> [Task prompt]
Only the lines with "Photo" in the entries below belong in the answer; please copy them.

> [Extracted material]
- Opening Delimiter -

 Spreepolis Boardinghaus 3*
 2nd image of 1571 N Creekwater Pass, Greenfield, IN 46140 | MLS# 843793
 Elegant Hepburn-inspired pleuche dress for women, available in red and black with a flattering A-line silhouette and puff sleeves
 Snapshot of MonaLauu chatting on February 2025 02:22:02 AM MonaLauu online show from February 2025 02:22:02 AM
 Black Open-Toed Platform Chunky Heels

- Closing Delimiter -
- Opening Delimiter -

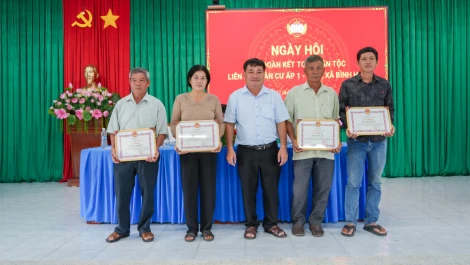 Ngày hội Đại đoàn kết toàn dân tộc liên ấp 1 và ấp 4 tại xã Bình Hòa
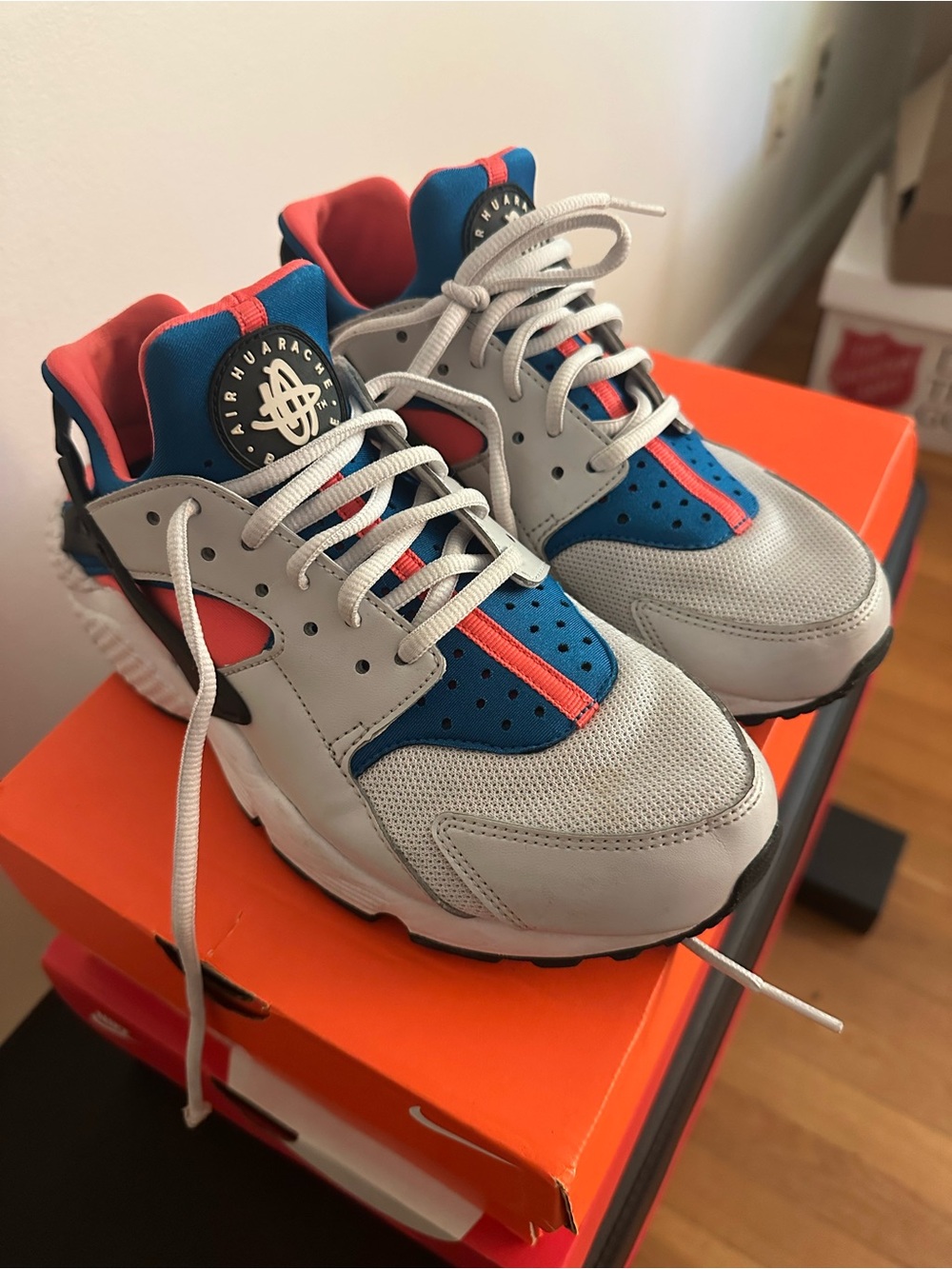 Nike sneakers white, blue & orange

- Closing Delimiter -
- Opening Delimiter -

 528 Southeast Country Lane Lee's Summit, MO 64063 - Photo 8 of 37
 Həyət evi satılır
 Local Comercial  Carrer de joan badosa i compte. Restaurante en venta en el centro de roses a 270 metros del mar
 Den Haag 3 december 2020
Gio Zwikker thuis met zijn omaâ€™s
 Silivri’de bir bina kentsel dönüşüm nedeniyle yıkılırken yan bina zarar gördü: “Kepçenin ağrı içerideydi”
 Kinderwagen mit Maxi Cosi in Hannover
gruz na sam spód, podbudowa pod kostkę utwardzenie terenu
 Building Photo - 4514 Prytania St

- Closing Delimiter -

> [Your response]
 528 Southeast Country Lane Lee's Summit, MO 64063 - Photo 8 of 37
 Building Photo - 4514 Prytania St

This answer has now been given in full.